New data and definitional changes. The questionnaire redesign also made it possible to collect several types of data regularly for the first time, namely:

  1. Multiple jobholding. Employed persons now are asked each month whether they had more than one job. This allows BLS to produce estimates of multiple jobholding on a monthly basis, rather than having to derive them through special, periodic supplements.
  2. Usual hours. All employed persons are asked each month about the hours they usually work. Previously, information on usual hours was collected from just one-quarter of wage and salary workers each month.

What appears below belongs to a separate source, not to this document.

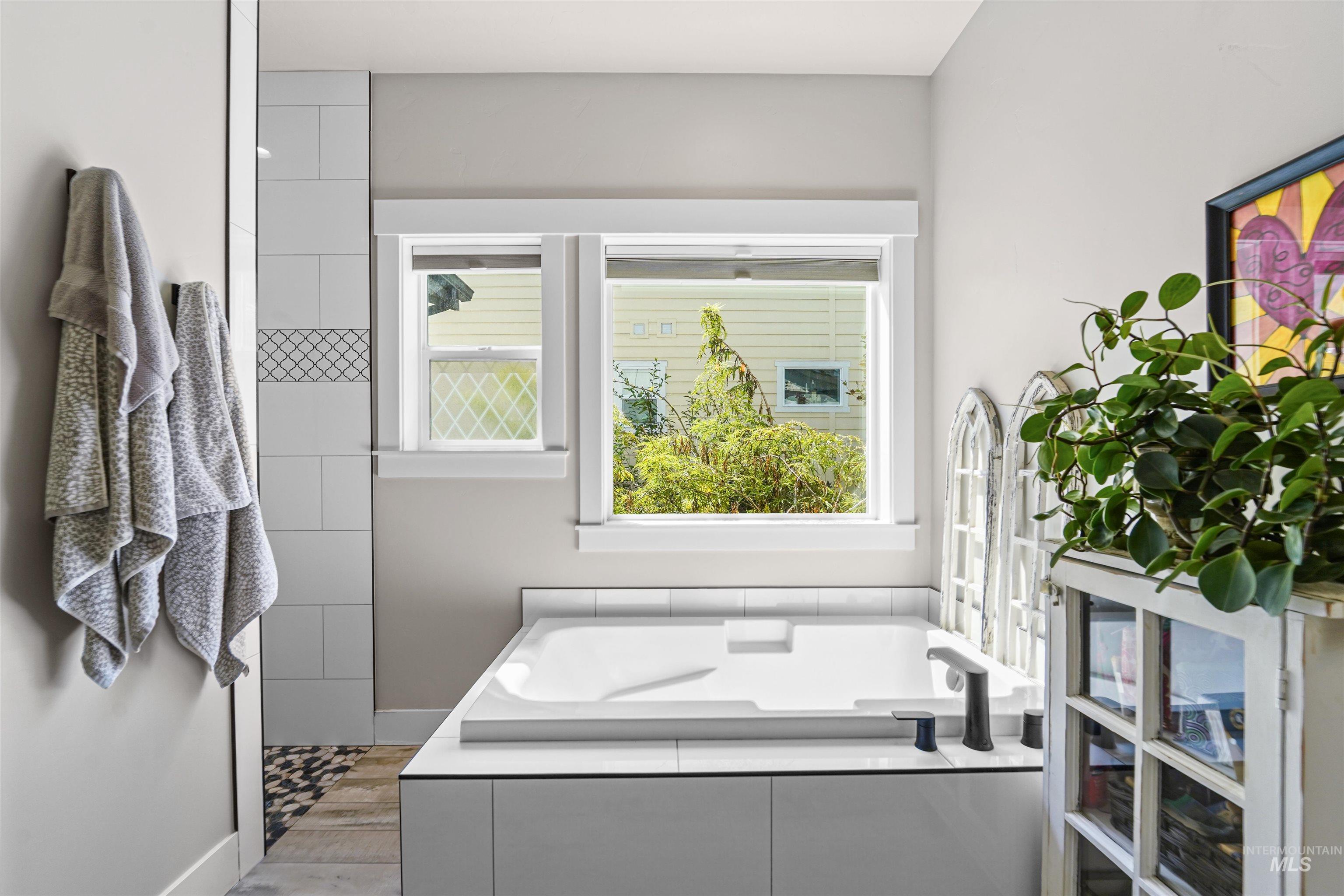 Full bath with a garden tub and baseboards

  3. Other definitional changes. In addition, several labor force definitions were modified. The most important definitional changes concerned discouraged workers. The Levitan Commission had criticized the former definition because it was based on a subjective desire for work and on somewhat arbitrary assumptions about an individual's availability to take a job. As a result of the redesign, two requirements were added: For persons to qualify as discouraged, they must have engaged in some jobsearch within the past year (or since they last worked, if they worked within the past year), and they must be currently available to take a job. (Formerly, availability was inferred from responses to other questions; now, there is a direct question.) Also, beginning in January 1994, questions on this subject are asked of the full CPS sample, permitting estimates of the number of discouraged workers to be published monthly (rather than quarterly).
  4. Another important definitional change concerned unemployed persons who were not working just before their jobsearch commenced, that is, new entrants or reentrants to the labor force. Prior to 1994, new entrants were defined as jobseekers who had never worked at a full-time job lasting 2 weeks or longer; reentrants were defined as jobseekers who had held a full-time job for at least 2 weeks and then had spent some time out of the labor force prior to their most recent period of jobsearch. These definitions were modified to encompass any type of job, not just a full-time job of at least 2 weeks'; duration. Thus, new entrants now are defined as jobseekers who have never worked at all, and reentrants are jobseekers who have worked before, but not immediately prior to their jobsearch.